:: Dataset content ::

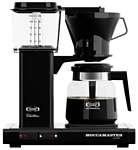 Moccamaster KB952 AO Moccamaster KB952 AO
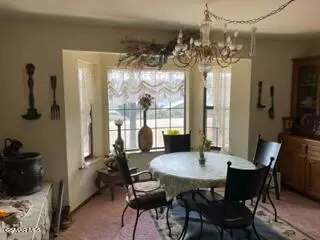 Tehachapi, CA 93561,23381 Angus CT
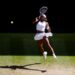 Coco Gauff levanta el muro de los tres sets y accede a las semifinales de Wimbledon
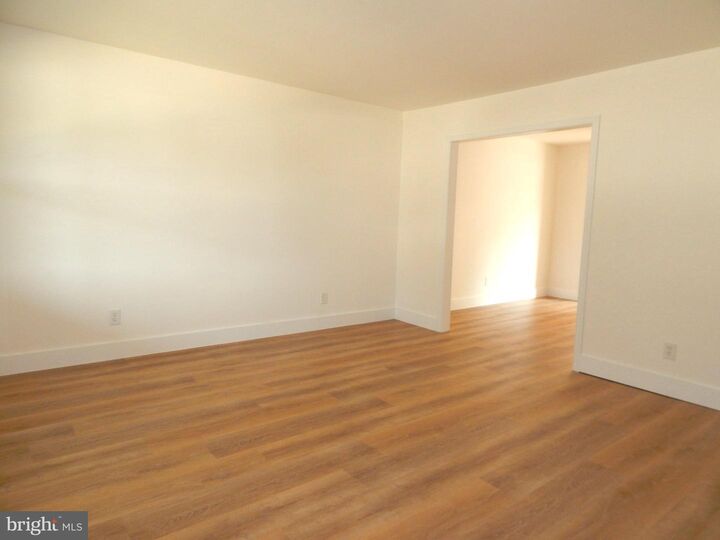 Property Photo:  79 Lee Street  PA 17363 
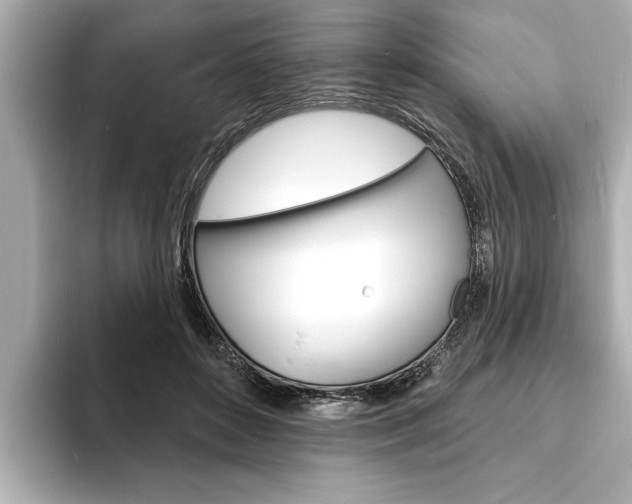 X0000093600504200710151000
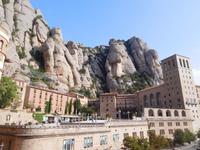 Montserrat (16)
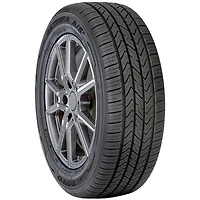 Toyo Extensa A/S II 215/60R16 95H BSW pneu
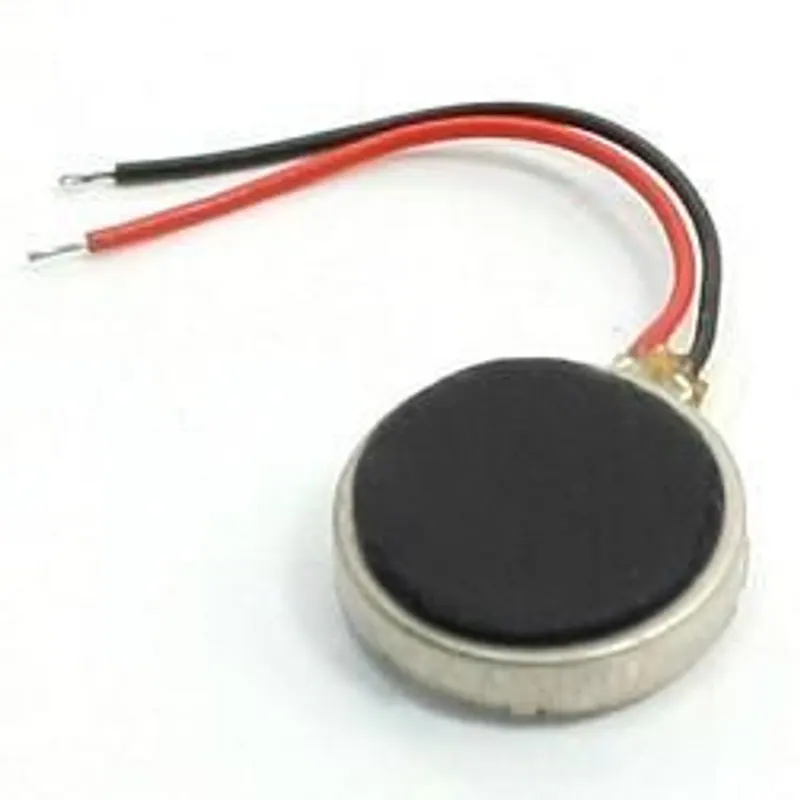 Vibrator for Nokia X3-02 Touch and Type — image 1
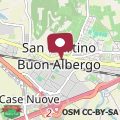 Carte La Casa dei DOGI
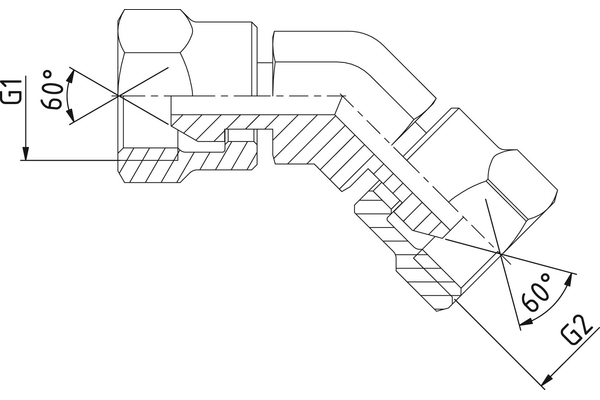 A12BF-12BF45F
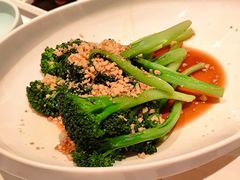 -北京全聚德(王府井店)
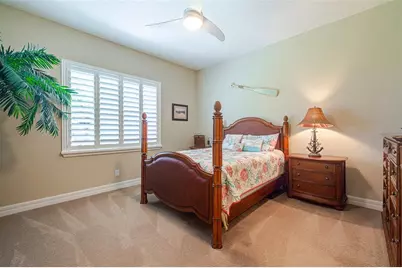 1230 Romano Key Circle, Punta Gorda, FL 33955 - Photo 32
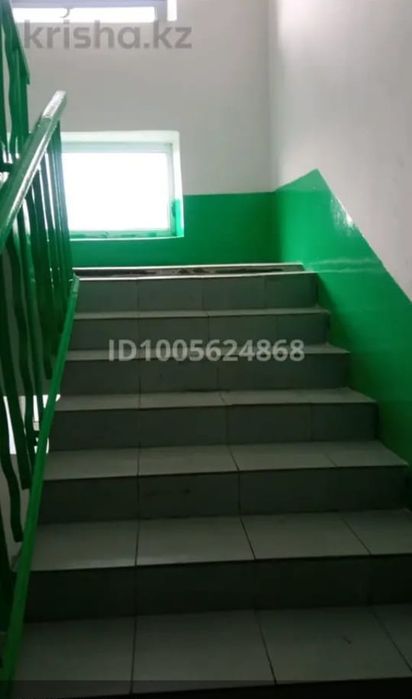 3х комнатную квартиру продам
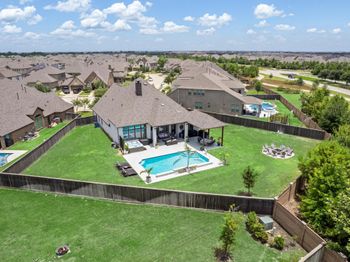 15203 Prairie Dog Town Lane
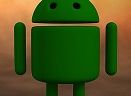 Android-Trojaner infiziert 100 Millionen Geräte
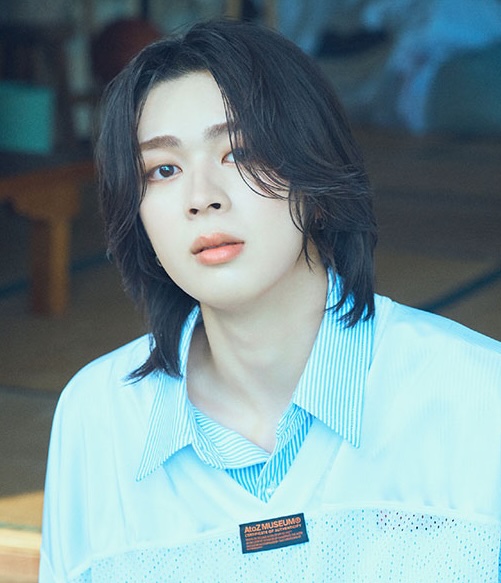 Kaisei N-p.jpg
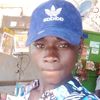 ib.le.crateur7
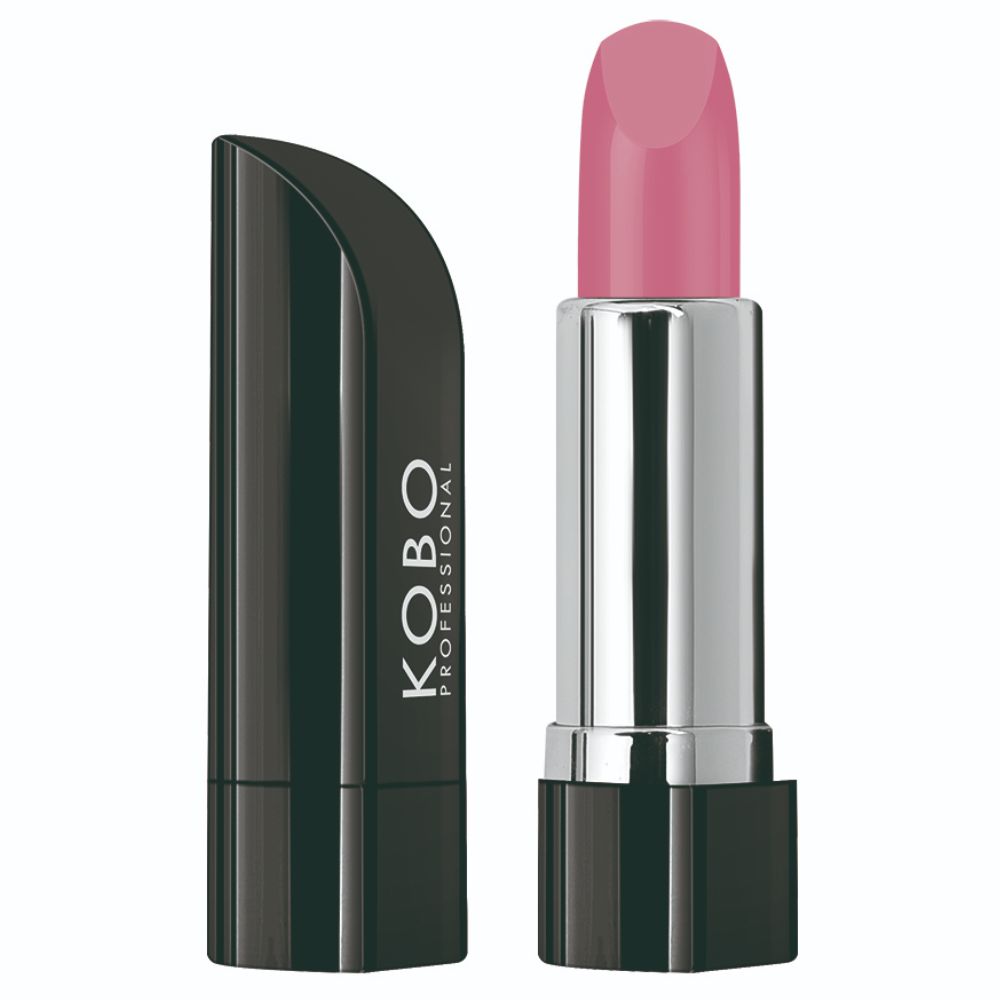 Kobo Fashion Colour 104 pomadka 4,5 ml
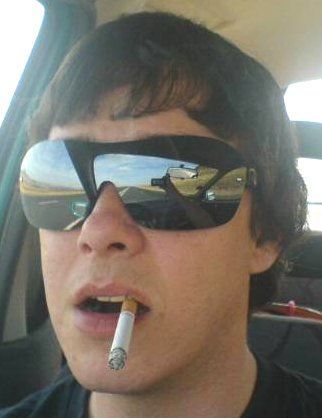 Date this passionate United Kingdom man Gee_Funk from Johannesburg South Africa RP6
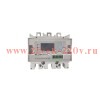 Модуль измерения и контроля интеллектуальный 4п IMU23-M8 630 BD CHINT 395422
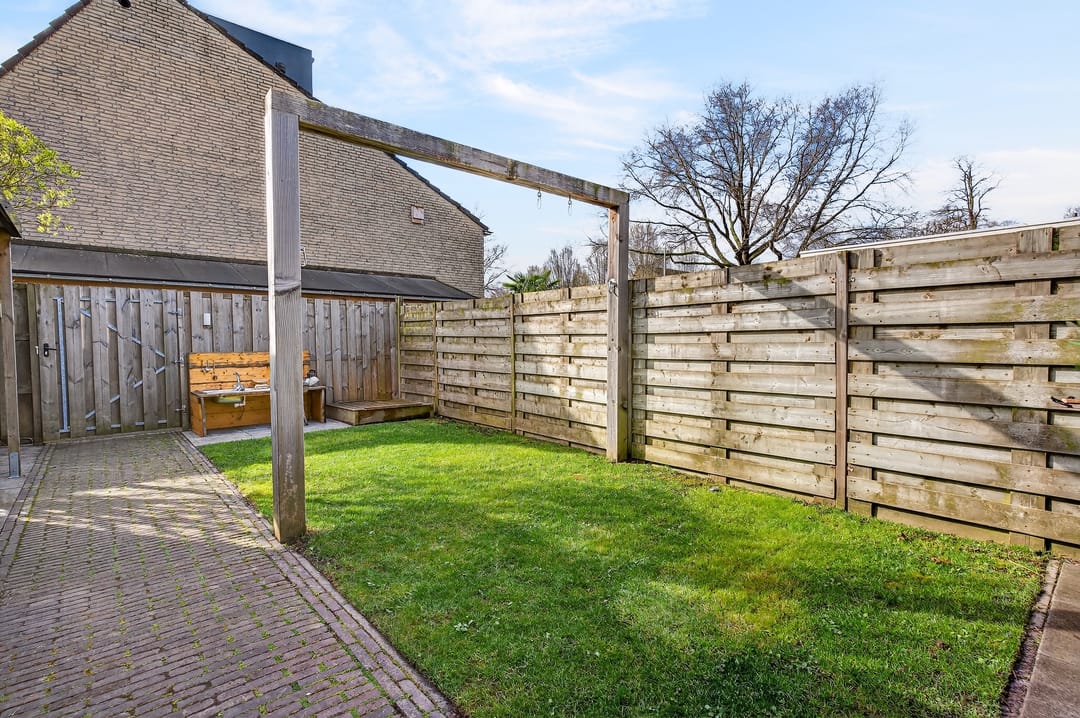 Foto 38 van Rolderdiep 21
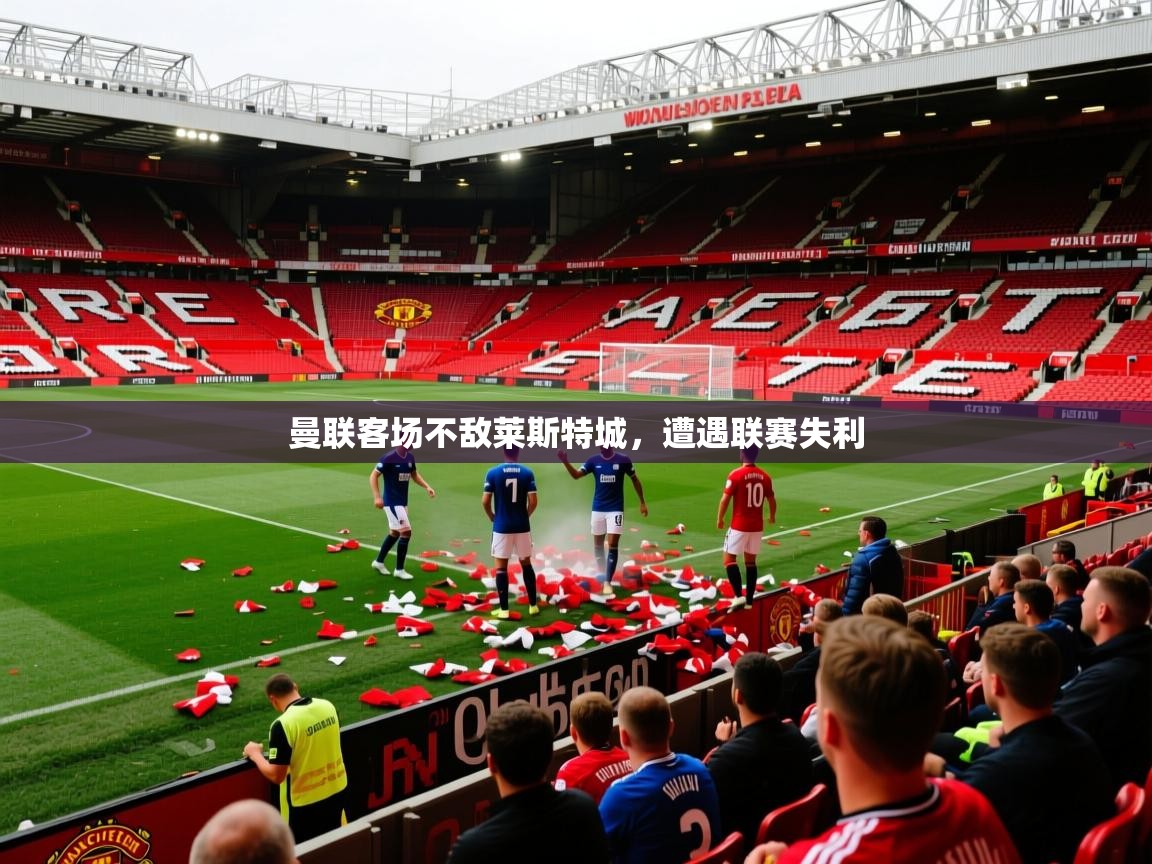 曼联客场不敌莱斯特城，遭遇联赛失利
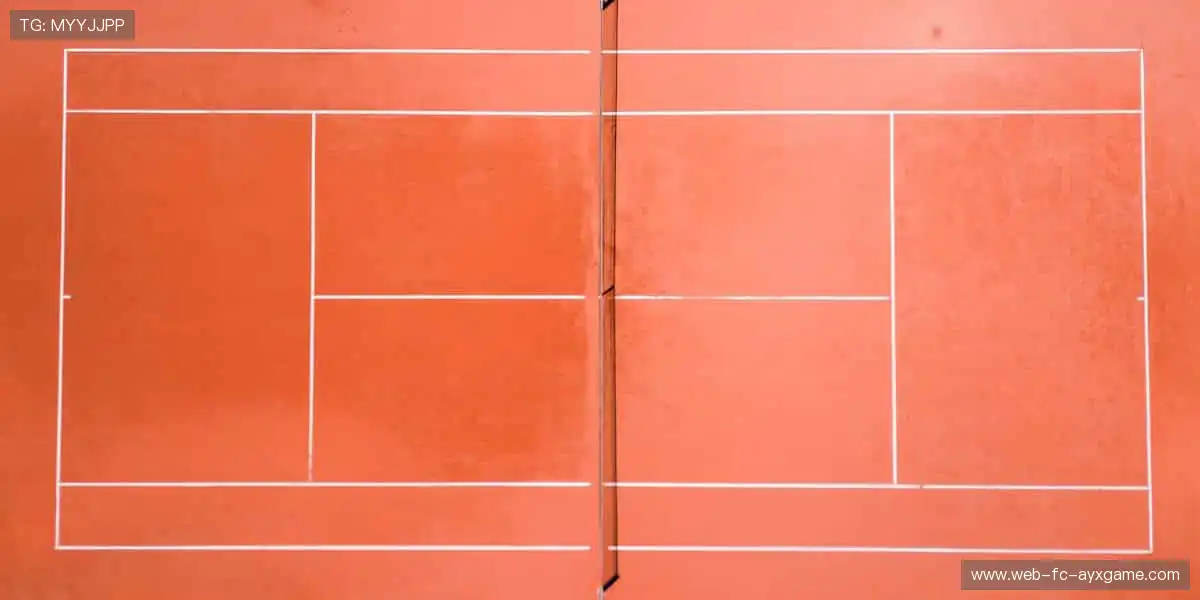 赛事点燃热血,每一刻都是巅峰对决!🏆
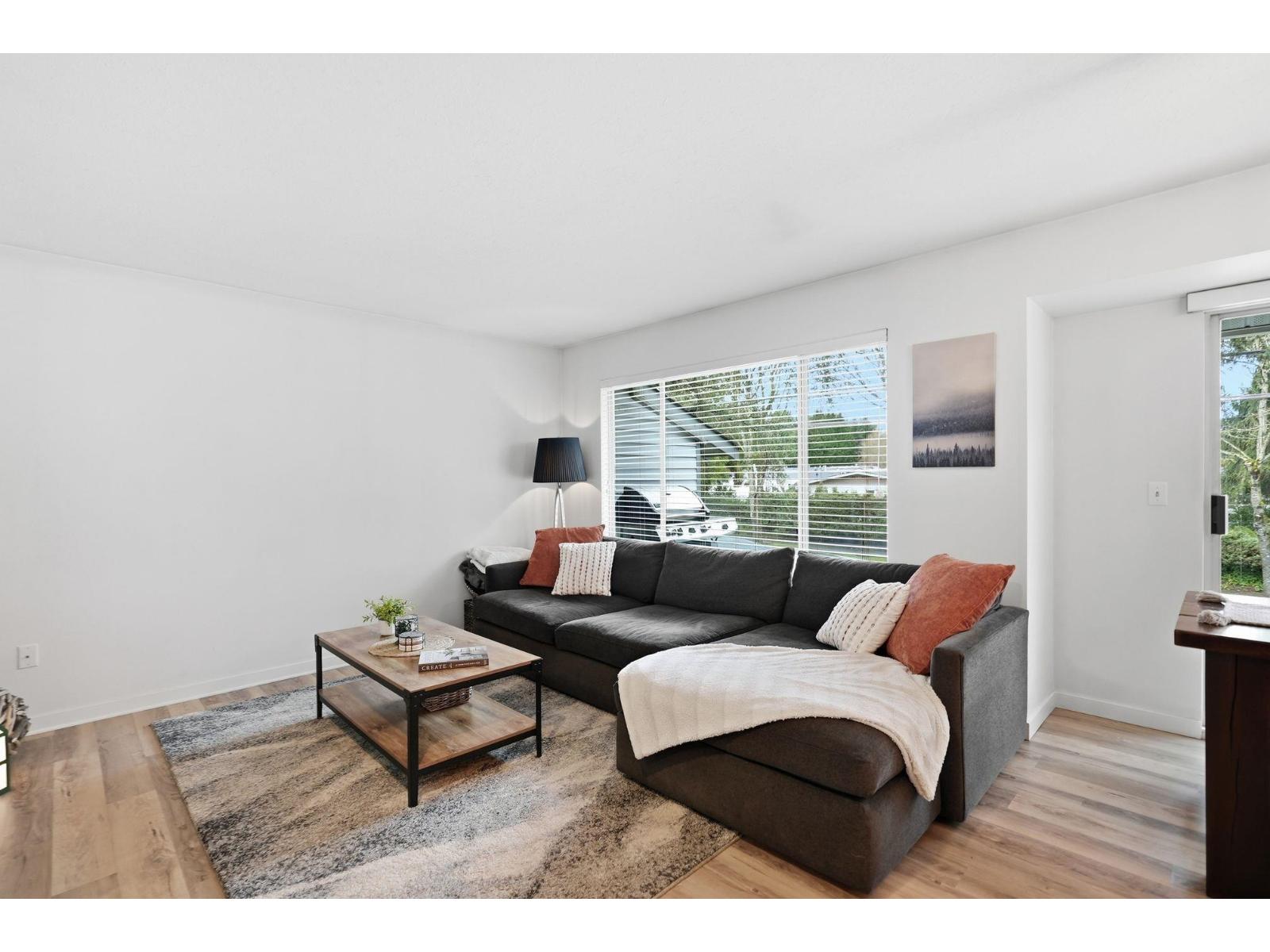 15848 20 Avenue, Surrey, British Columbia  V4A 2B2 - Photo 21 - R3112556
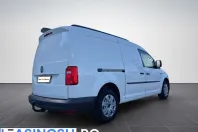 Volkswagen Caddy din 2020 cu 133.474 km - oferta VOL250166 - foto 5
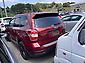 2014 Subaru Forester S- LIMITED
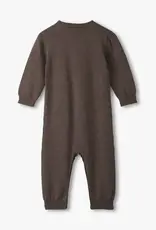 Hatley Duck Decoy Sweater Romper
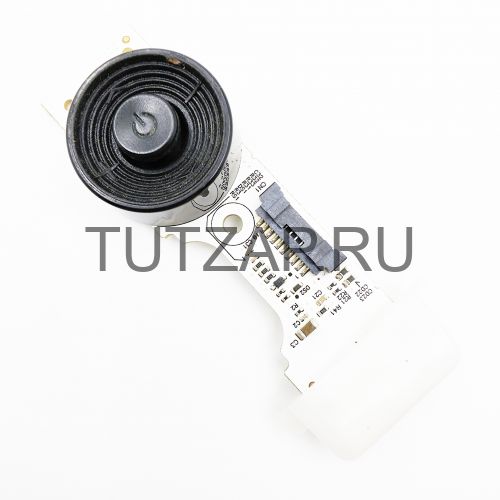 ИК-приемник с джойстиком BN41-01831A REV:2.5 ES6500 для телевизора Samsung UE40ES5550W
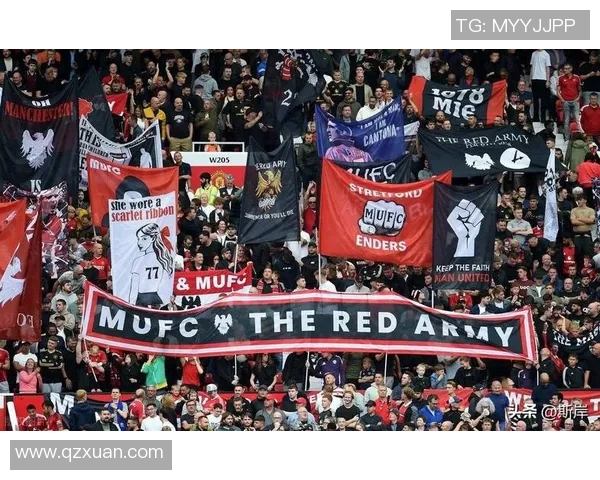 2018英超经典对决曼联与切尔西的激烈较量回顾与分析 2018英超经典对决曼联与切尔西的激烈较量回顾与分析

:::

* Exercise directions *
Only the records, copied exactly and free of pictures, belong in the answer.

* Task response *
 Moccamaster KB952 AO Moccamaster KB952 AO
 Tehachapi, CA 93561,23381 Angus CT
 Coco Gauff levanta el muro de los tres sets y accede a las semifinales de Wimbledon
 Property Photo:  79 Lee Street  PA 17363 
 X0000093600504200710151000
 Montserrat (16)
 Toyo Extensa A/S II 215/60R16 95H BSW pneu
 Vibrator for Nokia X3-02 Touch and Type — image 1
 Carte La Casa dei DOGI
 A12BF-12BF45F
 -北京全聚德(王府井店)
 1230 Romano Key Circle, Punta Gorda, FL 33955 - Photo 32
 3х комнатную квартиру продам
 15203 Prairie Dog Town Lane
 Android-Trojaner infiziert 100 Millionen Geräte
 Kaisei N-p.jpg
 ib.le.crateur7
 Kobo Fashion Colour 104 pomadka 4,5 ml
 Date this passionate United Kingdom man Gee_Funk from Johannesburg South Africa RP6
 Модуль измерения и контроля интеллектуальный 4п IMU23-M8 630 BD CHINT 395422
 Foto 38 van Rolderdiep 21
 曼联客场不敌莱斯特城，遭遇联赛失利
 赛事点燃热血,每一刻都是巅峰对决!🏆
 15848 20 Avenue, Surrey, British Columbia  V4A 2B2 - Photo 21 - R3112556
 Volkswagen Caddy din 2020 cu 133.474 km - oferta VOL250166 - foto 5
 2014 Subaru Forester S- LIMITED
 Hatley Duck Decoy Sweater Romper
 ИК-приемник с джойстиком BN41-01831A REV:2.5 ES6500 для телевизора Samsung UE40ES5550W
 2018英超经典对决曼联与切尔西的激烈较量回顾与分析 2018英超经典对决曼联与切尔西的激烈较量回顾与分析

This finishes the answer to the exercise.